The O’Donnells had a daughter called Kate. He remembered that she was very beautiful. In fact, she had looked almost uncannily like Juliet Devereau.
She had not looked like that when he had first seen her; when he had been five and she about eleven and he was restricted to glimpses in the elevator, or on the sidewalk outside the building. She had looked like that when she reached the age of about fourteen and achieved what Max now knew was termed puberty. He had not known that word then. He had sensed the change, though. Even as an eight-year-old, he had been aware of Kate O’Donnell’s budding sexuality; the way in which she was ripely blossoming into womanhood.
He had bored his first peepholes by then. They gave him intimate views of every room in what was now Juliet Devereau’s apartment. He could watch the O’Donnells go about their family business for hours, fascinated, his attention span belying his years as he watched Phil O’Donnell carelessly caress his wife’s breasts through her blouse after returning from work, removing his suit coat and tie and pouring himself an inch of whisky.

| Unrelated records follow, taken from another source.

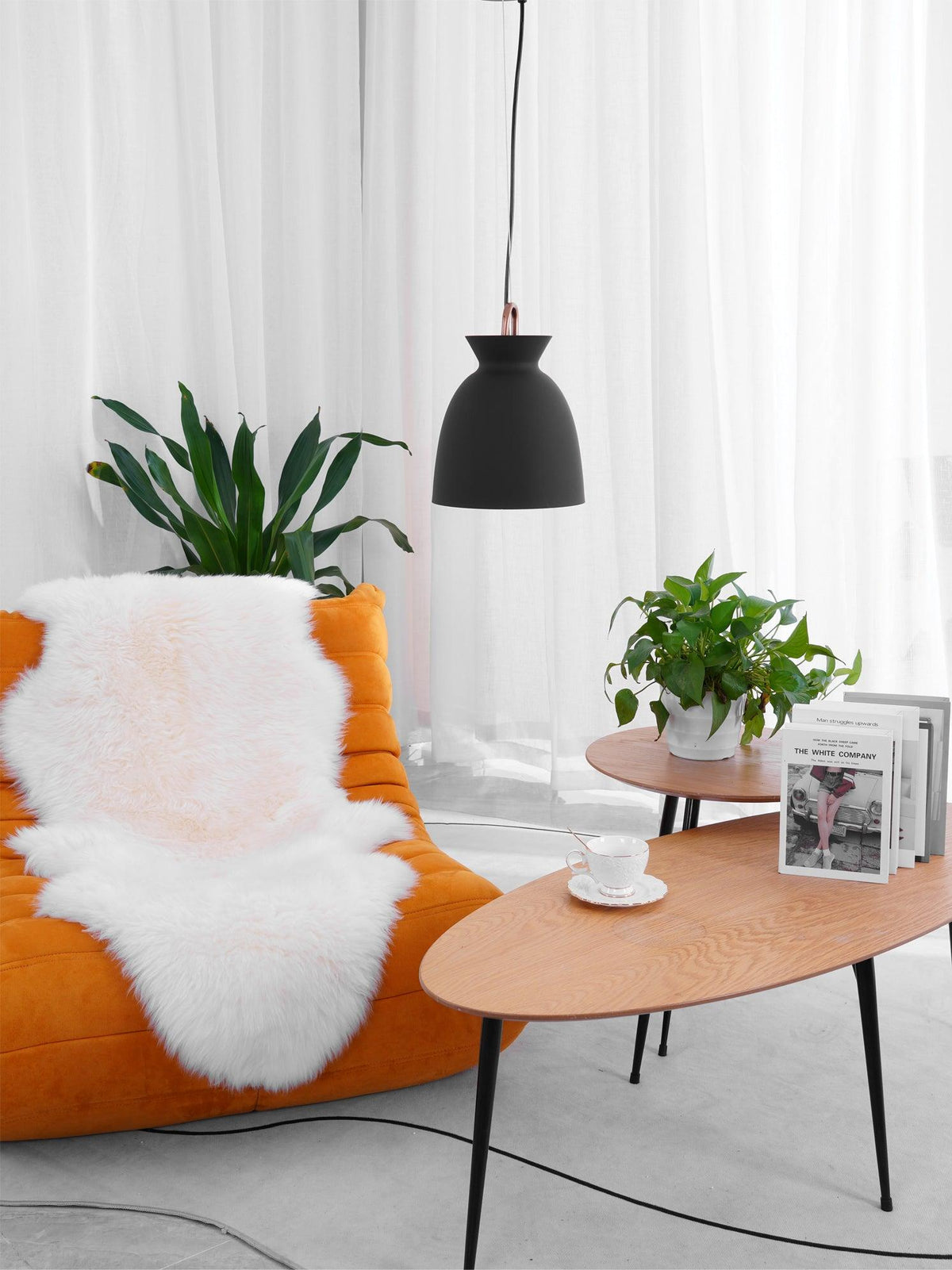 Qestr minimalistyczna lampa wisząca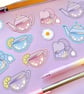 Spring Tea Die Cut Sticker Pack - Image 4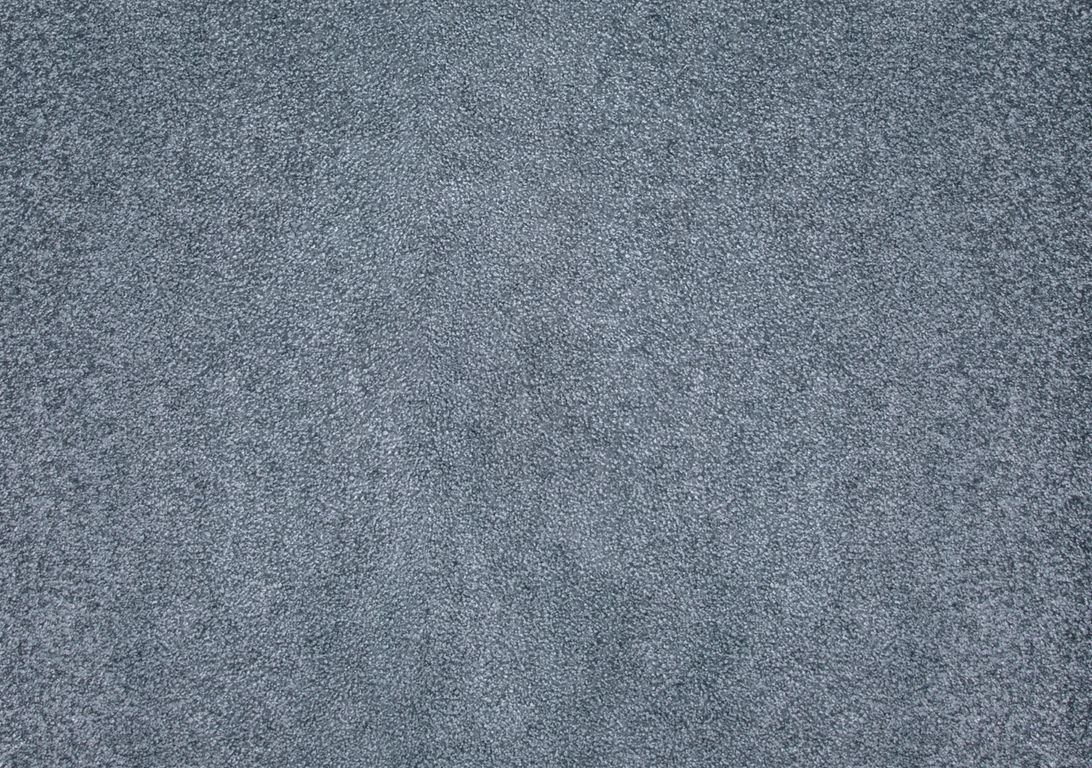 Moquette shaggy SECRET NEW 5M, col bleu, rouleau 5.00 m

Everything about the way that people behaved together surprised little Max. He could not predict what people were going to do, how they would act or react to what other people close to them did.
The notion of closeness was strange. There was physical closeness, of course. That was just proximity, the way a family chose to confine themselves, living together in a single space, apparently preferring one another’s company to solitude.
Max didn’t understand this. He liked solitude; he revelled in it. He knew that his fascination for others would be considered odd and his spying upon them met with disapp
roval. This made him careful of being caught, almost preternaturally alert. And of course, it isolated him. He could not share his secret and his secret made him unique.
The other closeness slightly baffled him. This was the closeness that encouraged Kate to sit on her father’s lap when she was close to being a full-grown woman. He would hug her and stroke her head and croon to her in a sweet tenor voice.
‘Tell me about the difference between a man and a woman, Daddy.’
‘I’d say it’s fairly plain.’
‘I mean the real difference. What’s the reason the men on the construction sites whistle at us when Ma and me walk by?’
‘It’s because they know no better.’
‘We don’t whistle back.’
‘Do you want to?’
‘Of course not.’
‘I’m glad to hear it, Katy my love.’
And later, after Kate had long gone to bed, her parents would lie in theirs and Max would watch through the wall, listening.
‘Have you seen the way she’s developing, Phil?’
‘I’m not blind.’
‘She will need to be told about intercourse. She will need to be told about male urges and the mechanics of it.’
‘I’d rather you told her about the mechanics of it.’
‘Shy about the theory, Phil? I’ve never known you shirk the practical side of things.’
Laughter then, shared and deliberately muffled, which Max did not really understand the reason for and hoped was a prelude to their coupling. He liked to watch that. He liked to hear Phil snort like a pig and his wife whimper like someone in pain. He liked the way Patricia O’Donnell’s brassiere straps dug into the soft flesh on her pale shoulders.
But Kate was the star. Sometimes she would sit between her mother’s knees as her mother sat and brushed her hair. They would murmur things Max could not catch and laugh together and it mystified him. Kate was old enough to brush her own hair. She was not a helpless baby.